*** Given records Section Begins ***

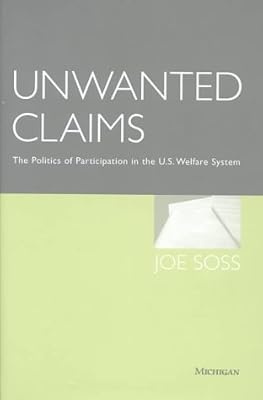 Unwanted Claims: The Politics of Participation in the U.S. Welfare System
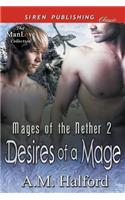 Desires of a Mage [Mages of the Nether 2] (Siren Publishing Classic Manlove)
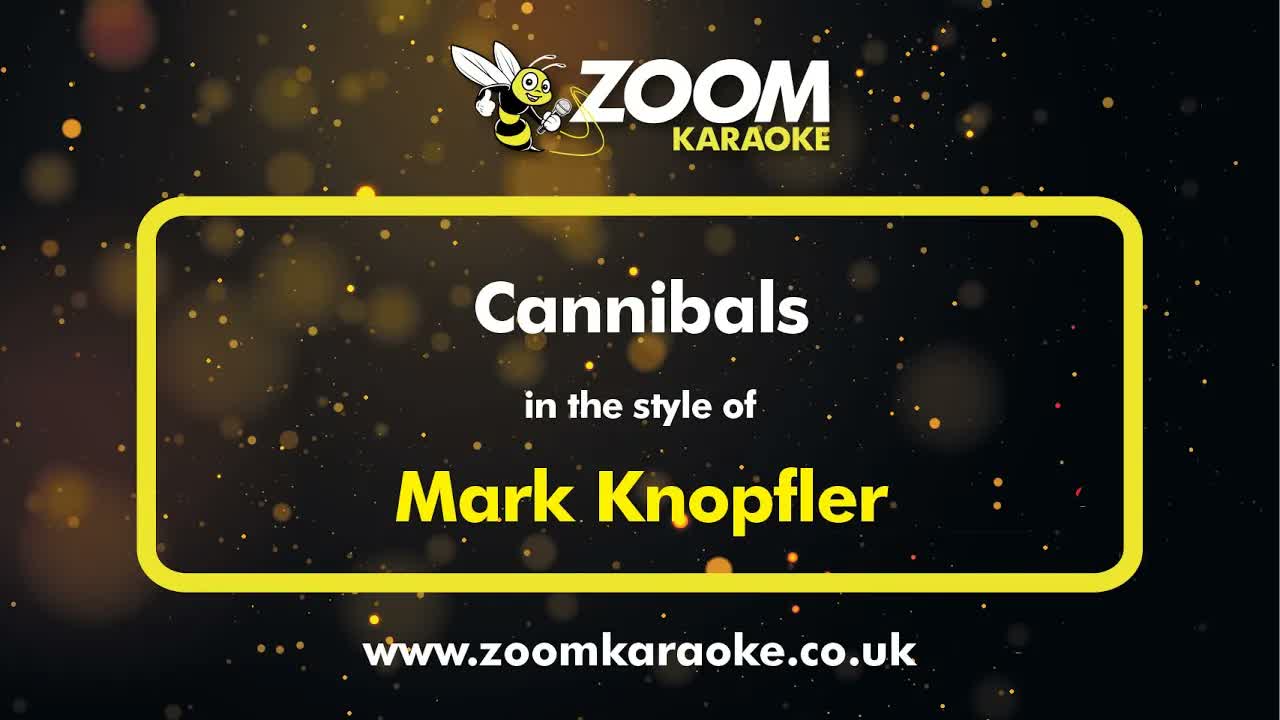 Mark Knopfler - Cannibals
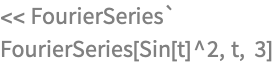 << FourierSeries`
FourierSeries[Sin[t]^2, t, 3]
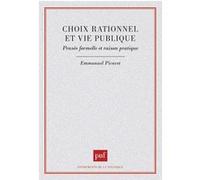 Choix rationnel et vie publique : pensée formelle et raison pratique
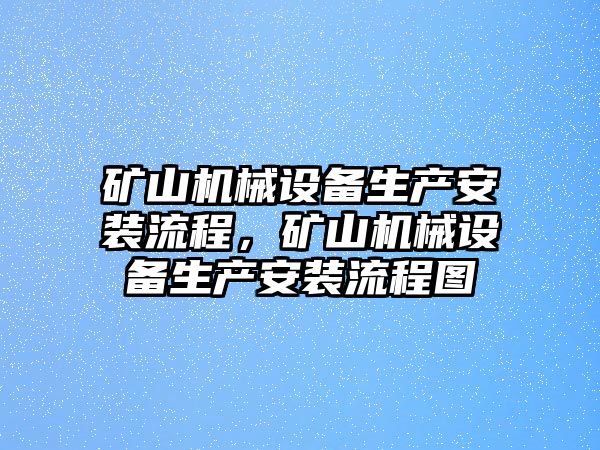 礦山機(jī)械設(shè)備生產(chǎn)安裝流程，礦山機(jī)械設(shè)備生產(chǎn)安裝流程圖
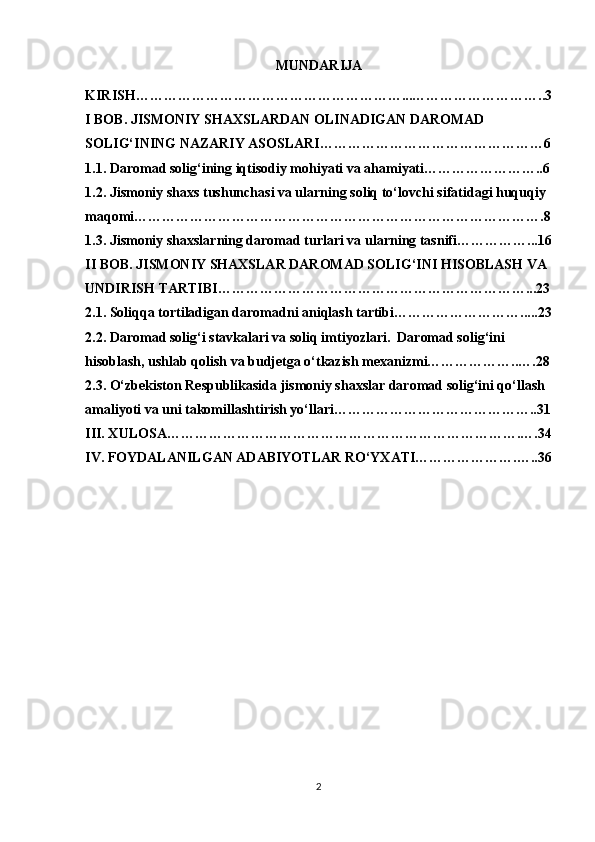 MUNDARIJA
KIRISH …………………………………………………...………………………..3
I BOB. JISMONIY SHAXSLARDAN OLINADIGAN DAROMAD 
SOLIG‘INING NAZARIY ASOSLARI…………………………………………6
1.1. Daromad solig‘ining iqtisodiy mohiyati va ahamiyati……………………..6
1.2. Jismoniy shaxs tushunchasi va ularning soliq to‘lovchi sifatidagi huquqiy 
maqomi…………………………………………………………………………….8
1.3. Jismoniy shaxslarning daromad turlari va ularning tasnifi……………...16
II BOB. JISMONIY SHAXSLAR DAROMAD SOLIG‘INI HISOBLASH VA 
UNDIRISH TARTIBI…………………………………………………………...23
2.1. Soliqqa tortiladigan daromadni aniqlash tartibi……………………….....23
2.2. Daromad solig‘i stavkalari va soliq imtiyozlari.  Daromad solig‘ini 
hisoblash, ushlab qolish va budjetga o‘tkazish mexanizmi………………..….28
2.3. O‘zbekiston Respublikasida jismoniy shaxslar daromad solig‘ini qo‘llash 
amaliyoti va uni takomillashtirish yo‘llari……………………………………..31
III. XULOSA………………………………………………………………….….34
IV. FOYDALANILGAN ADABIYOTLAR RO‘YXATI………………….…..36
2 
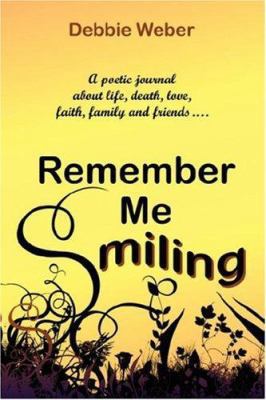 Remember Me Smiling: A Poetic Journal about Lif... 1425974791 Book Cover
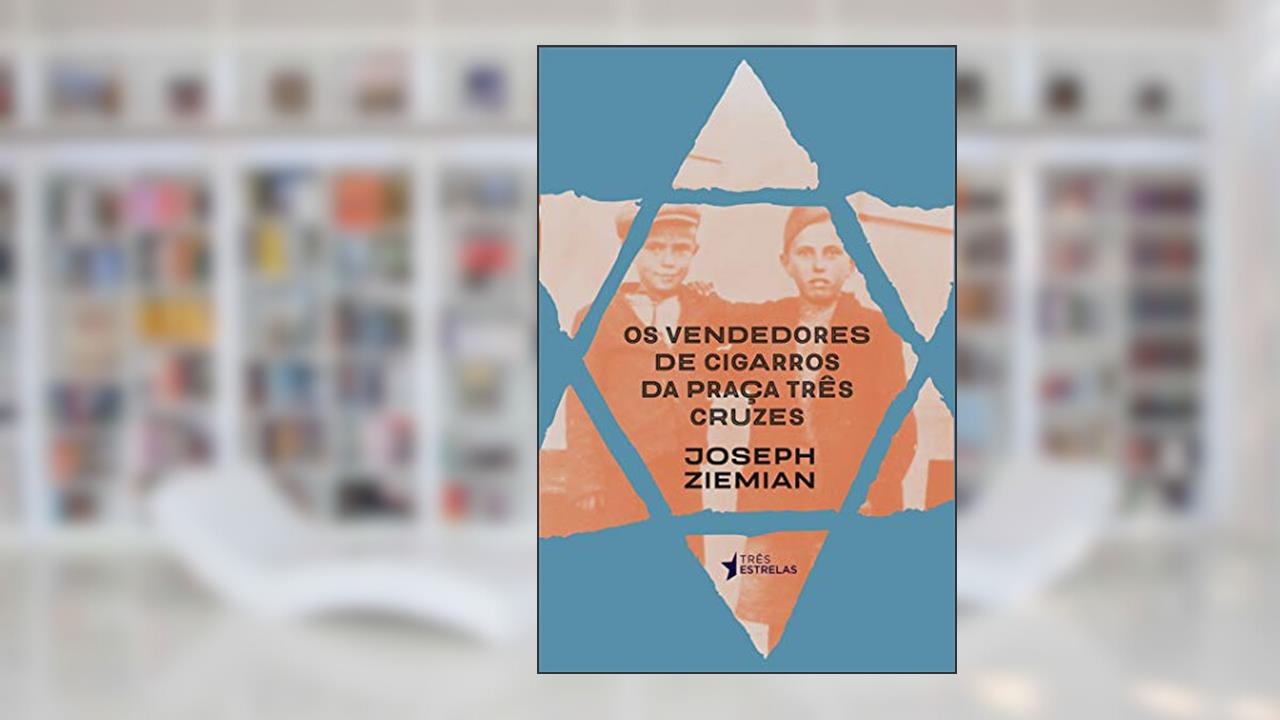Capa de Os Vendedores De Cigarro Da Praça Três Cruzes, do autor Joseph Ziemian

*** Given records Section Ends ***

Directions for this task: Take the lines above from the top of the records through the one with "Choix rationnel et" and repeat them exactly, without any pictures.

Output for this exercise:
 Unwanted Claims: The Politics of Participation in the U.S. Welfare System
 Desires of a Mage [Mages of the Nether 2] (Siren Publishing Classic Manlove)
 Mark Knopfler - Cannibals
 << FourierSeries`
FourierSeries[Sin[t]^2, t, 3]
 Choix rationnel et vie publique : pensée formelle et raison pratique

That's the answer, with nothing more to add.